Dr. Covarrubias likens the binding sites in voltage-gated ion channels to gloves, and the anesthetics to hands. Only a few of the gloves can provide a perfect fit, by producing the desired effects of the anesthetics, without the toxicity.
To visualize the binding sites, Dr. Covarrubias uses the polymerase chain reaction to induce mutations in genes that encode specific ion channels. These genes are inserted into frog oocytes, which serve as model cells. Microscopic electrodes record where, and how strongly, the anesthetics bind to the channels.
“Sometimes by making mutations, we make that interaction better, and sometimes we make the binding worse,” he said. “So we go back and forth, to make a model of what that channel looks like.”

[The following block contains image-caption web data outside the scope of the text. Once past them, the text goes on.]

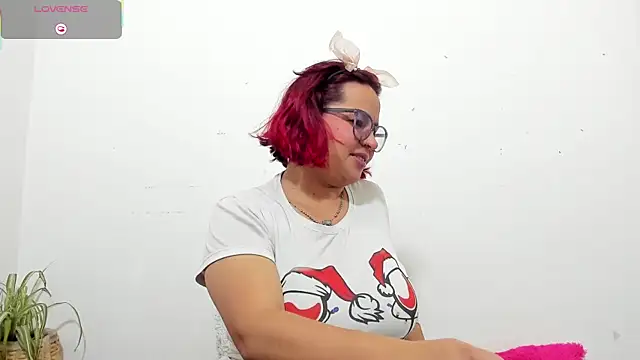 hazel 34 online show from April 12, 2026, 8:39 am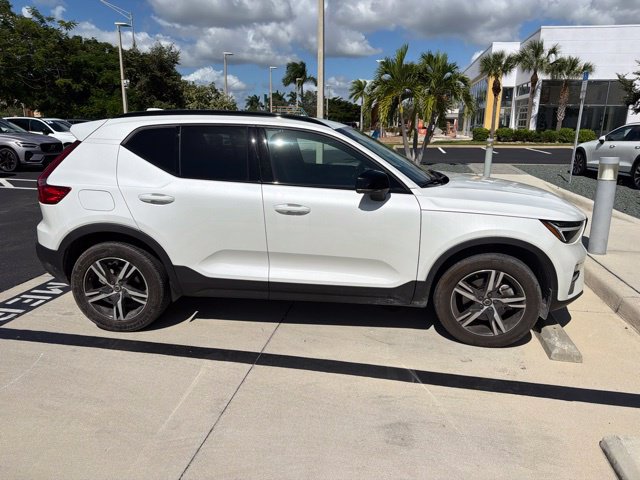 2024 Volvo XC40 SUV 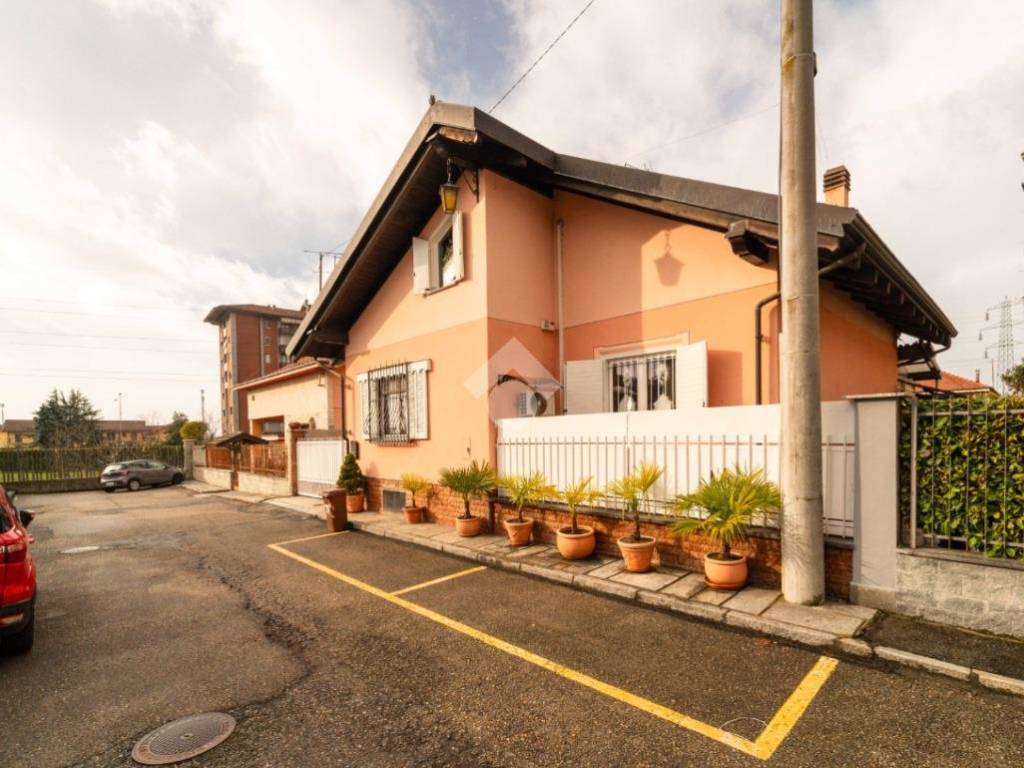 casa indipendente in vendita a Grugliasco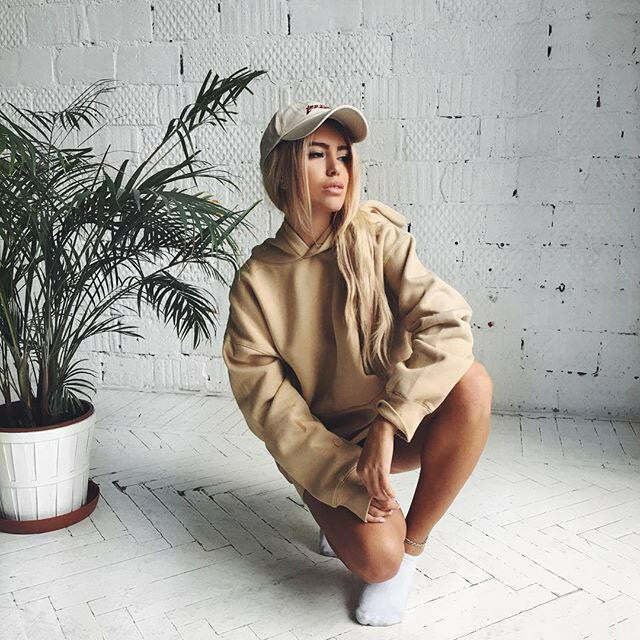 Trendy Y2K Nude Hoodie for Summer: Perfect for Grunge & 90s Outfits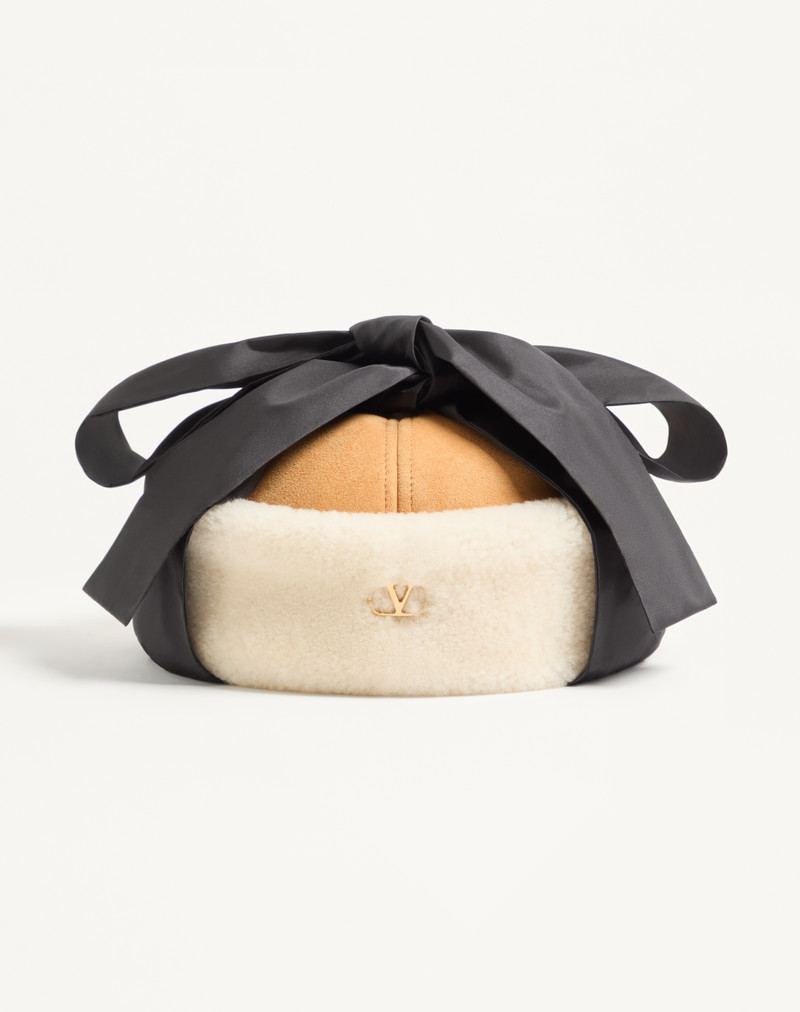 VLOGO SIGNATURE SHEARLING CAP 1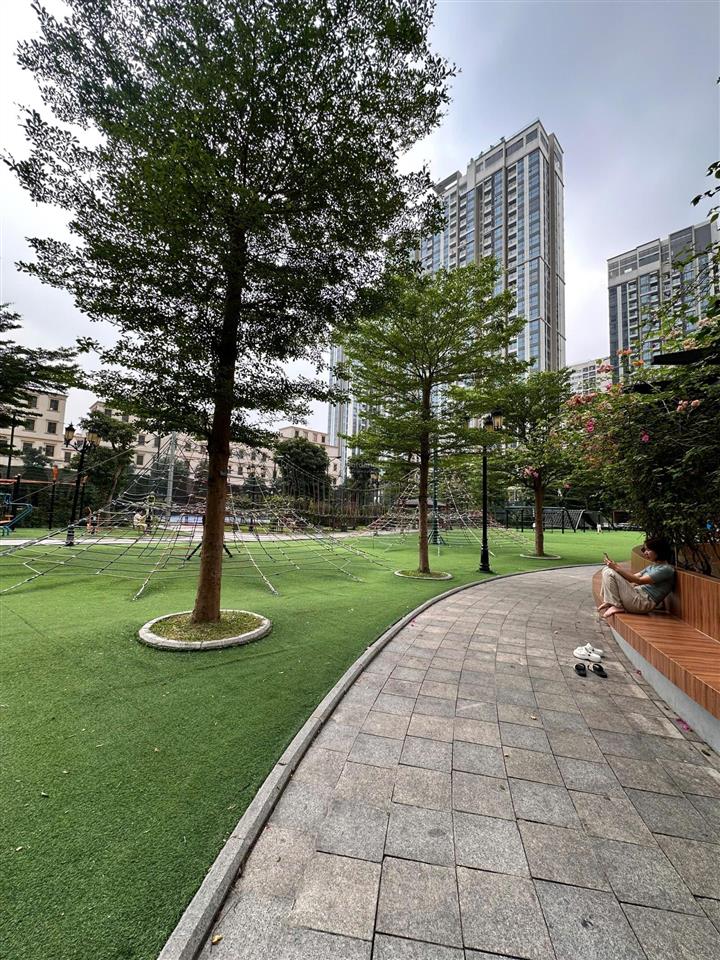 Bán gấp căn hộ chung cư, toà vip vinhome ocenpack 56m2, 2 ngủ view công viên thoáng mát, nhỉnh 3 tỷ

It’s well known that anesthetics target neurotransmitters, Dr. Covarrubias said. “We believe that that is only part of the story, that general anesthesia not only implicates the neurotransmitter receptors, but these voltage-gated ion channels as well.”
This project requires a wide variety of proteins, in vast quantities, in order to run the experiments— a requirement shared by x-ray crystallographers.
“It turns out that this technique demands large amounts of pure protein, so crystallographers become good at producing protein,” said Patrick Loll, PhD, a molecular biologist at the Drexel University College of Medicine, in Philadelphia. “Manufacturing proteins that are anesthetic targets will be an important part of our work going forward.”
Dr. Loll and his colleagues use genetic engineering methods to induce yeast and insect cells to produce the proteins. Once the cells have manufactured the molecules, researchers deploy a combination of affinity chromatography methods and fast protein liquid chromatography instruments to extract them from the cells.
“These instruments utilize high pressure to perform the chromatography experiment in a few minutes, so we can isolate these relatively fragile molecules quickly, before they deteriorate,” Dr. Loll said.
Once the proteins are extracted, they are analyzed using mass spectroscopy, both initially to confirm their identities, and in experiments to assess their interactions with anesthetics.
“Our long-term goal is to gain a mechanistic, molecular view of how anesthetics interact with proteins, and how this interaction gives rise to the physiological changes that we know as anesthesia,” Dr. Loll said. “That’s pretty ambitious, but we have a tremendous team working on this problem, so I’m optimistic that we’ll make great progress.”
The interactions between anesthetics and these binding sites occur so quickly, and on such an infinitesimal scale, that even the most precise techniques of physical visualization are unable to render them fully. That’s where computer simulations come in. Each molecule involved in the drug interactions is modeled using data derived from experimental crystallography, a method known as molecular dynamics simulation (Movies 1 and 2).
“We’ve got a bunch of atoms basically in a box, and they’re interacting via forces we’ve determined by quantum chemistry,” said Grace Brannigan, PhD, a computational biophysicist at Rutgers University’s Camden, N.J. campus. “And we basically watch a movie of how they interact, which allows us to see how the system evolves over time.”
Dr. Brannigan and her colleagues are looking at a group of neurotransmitter receptors in the neuronal membrane called cys-loop receptors. Some cys-loop receptors inhibit neuronal activity, whereas others excite this activity. Anesthetics work by negating these effects—activating cys-loop receptors that cause inhibition, and deactivating those that cause excitation.
By modeling these interactions, researchers are able to generate testable hypotheses about where anesthetics bind with cys-loop receptors, and which effects this binding produces. These hypotheses inform the physical experiments in the project, which in turn enable them to refine the computer models, in a mutually beneficial feedback loop.